The multicenter, parallel-group, pragmatic trial aimed to evaluate gentamicin as a therapeutic alternative to ceftriaxone for the treatment of gonorrhea. Patients included in the study were 16 to 70 years old and had a diagnosis of uncomplicated genital, pharyngeal, or rectal gonorrhea. They were randomly assigned (1:1) to receive one intramuscular injection of gentamicin 240mg or ceftriaxone 500mg in addition to one 1g dose of oral azithromycin.

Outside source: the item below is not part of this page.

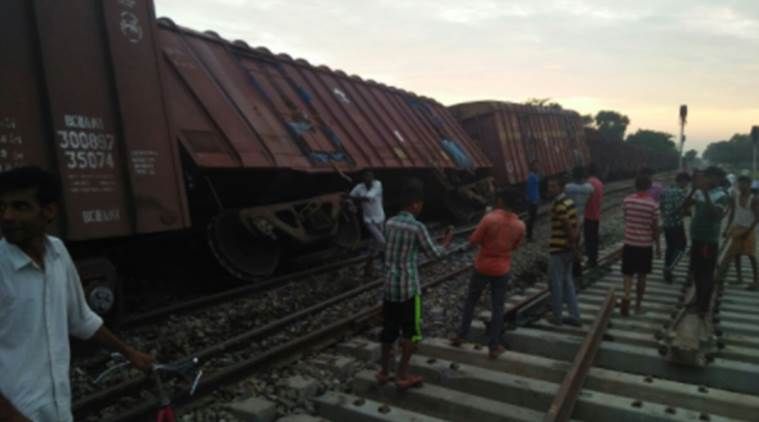Goods train derailed at Chacher : Inconvenience of the passengers | चाचेरमध्ये मालगाडी रुळावरून घसरली : प्रवाशांची गैरसोय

“The primary outcome was clearance of Neisseria gonorrhoeae at all initially infected sites, defined as a negative nucleic acid amplification test 2 weeks post treatment,” the study authors explained. The primary endpoint analysis only included patients with follow-up data, regardless of their baseline visit test result. “The margin used to establish non-inferiority was a lower confidence limit of 5% for the risk difference,” the study authors added.

A total of 720 patients were enrolled in the study. Of the 358 patients randomly assigned to the gentamicin group, 292 (82%) had available primary outcome data while 306 of the 362 (85%) patients assigned to receive ceftriaxone had available data.  The study authors reported that infection had cleared in 98% of patients in the ceftriaxone group (299/306) versus 91% of patients in the gentamicin group (267/292) 2 weeks after treatment (adjusted risk difference: –6.4%; 95% CI: –10.4%, –2.4%).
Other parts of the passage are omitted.